News24

Win for gay marriage in Washington state

2012-02-09 10:00

Olympia - A bill to legalise gay marriage in Washington state won final legislative approval on Wednesday in a vote that moved the state one step closer to becoming the seventh to recognise same-sex nuptials.

Washington's Democratic Governor Christine Gregoire said she looked forward to signing the measure and "putting into law an end to an era of discrimination" even as opponents, led by religious conservatives, vowed to seek its repeal at the polls in November.

The approval in the state House of Representatives came a day after gay marriage advocates won a key legal victory in California when a federal appeals court declared a voter-approved gay marriage ban in that state unconstitutional.

The measure cleared the state House of Representatives 55-43, a week after it was passed by the state Senate by a 28-21 vote.
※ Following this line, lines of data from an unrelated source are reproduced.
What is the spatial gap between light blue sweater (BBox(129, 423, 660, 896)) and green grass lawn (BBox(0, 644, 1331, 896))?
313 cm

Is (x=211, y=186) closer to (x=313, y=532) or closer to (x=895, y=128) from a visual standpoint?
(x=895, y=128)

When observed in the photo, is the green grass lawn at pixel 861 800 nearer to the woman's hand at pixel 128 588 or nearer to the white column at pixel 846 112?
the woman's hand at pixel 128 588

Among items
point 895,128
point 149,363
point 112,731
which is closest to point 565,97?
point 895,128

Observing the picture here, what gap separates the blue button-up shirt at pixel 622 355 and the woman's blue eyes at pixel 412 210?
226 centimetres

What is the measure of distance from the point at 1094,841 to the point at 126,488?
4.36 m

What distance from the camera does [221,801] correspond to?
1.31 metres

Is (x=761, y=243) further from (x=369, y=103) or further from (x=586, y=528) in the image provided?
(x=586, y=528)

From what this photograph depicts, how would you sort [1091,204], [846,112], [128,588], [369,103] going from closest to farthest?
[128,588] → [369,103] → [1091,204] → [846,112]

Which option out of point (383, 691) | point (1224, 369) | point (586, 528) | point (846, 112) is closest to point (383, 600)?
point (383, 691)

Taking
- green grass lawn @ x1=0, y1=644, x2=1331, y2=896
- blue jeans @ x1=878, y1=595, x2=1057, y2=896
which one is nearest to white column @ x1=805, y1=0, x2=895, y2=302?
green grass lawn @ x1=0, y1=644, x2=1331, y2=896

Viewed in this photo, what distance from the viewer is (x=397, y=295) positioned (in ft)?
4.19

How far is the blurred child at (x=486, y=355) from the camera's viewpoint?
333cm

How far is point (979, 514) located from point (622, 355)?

Democrats, accounting for the lion's share of support for the bill, control both legislative bodies in the state capital Olympia but enjoy a bigger majority in the 98-seat House.

Two Republicans joined 53 Democrats in voting for the bill, while two Democrats sided with 41 Republicans in opposition.

Several prominent Washington-based companies employing tens of thousands of workers in the state also endorsed the bill, including Microsoft, Amazon and Starbucks.

Similar statutes


Six other states already recognise same-sex marriage - New York, Massachusetts, Connecticut, Vermont, New Hampshire and Iowa - as does the District of Columbia.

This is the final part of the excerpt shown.